Exercise description:
Transcribe the full listing below, word for word, without pictures.

Input data:

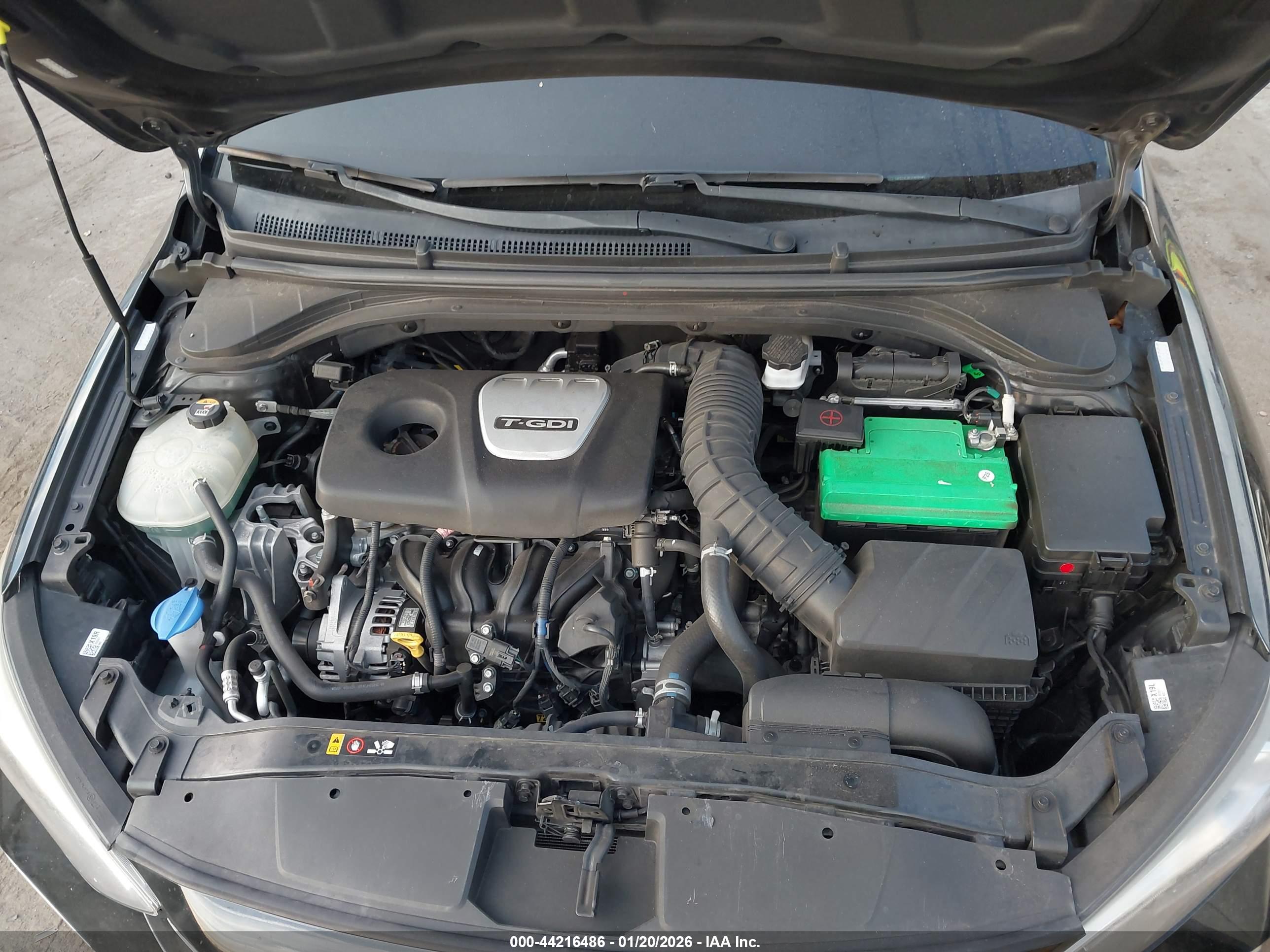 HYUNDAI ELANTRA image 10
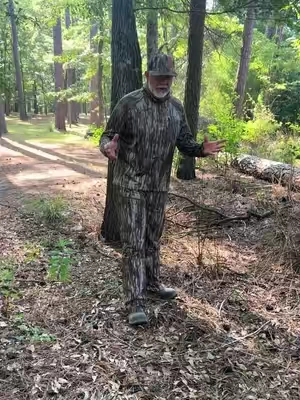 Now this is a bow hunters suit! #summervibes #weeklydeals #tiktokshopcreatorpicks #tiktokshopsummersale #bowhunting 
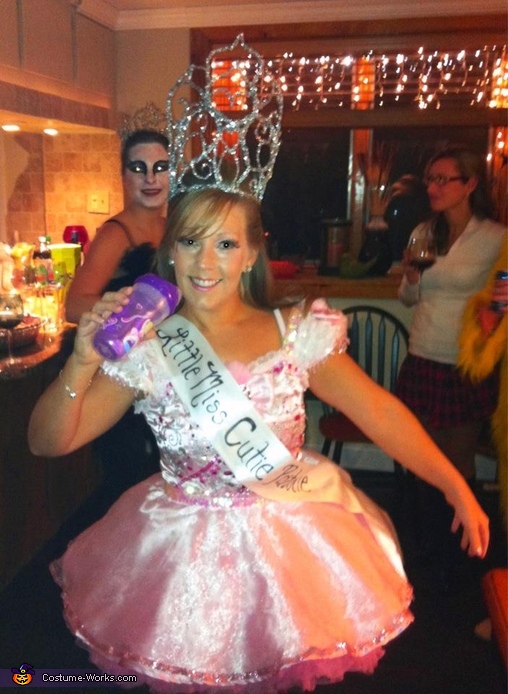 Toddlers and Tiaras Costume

Answer section:
 HYUNDAI ELANTRA image 10
 Now this is a bow hunters suit! #summervibes #weeklydeals #tiktokshopcreatorpicks #tiktokshopsummersale #bowhunting 
 Toddlers and Tiaras Costume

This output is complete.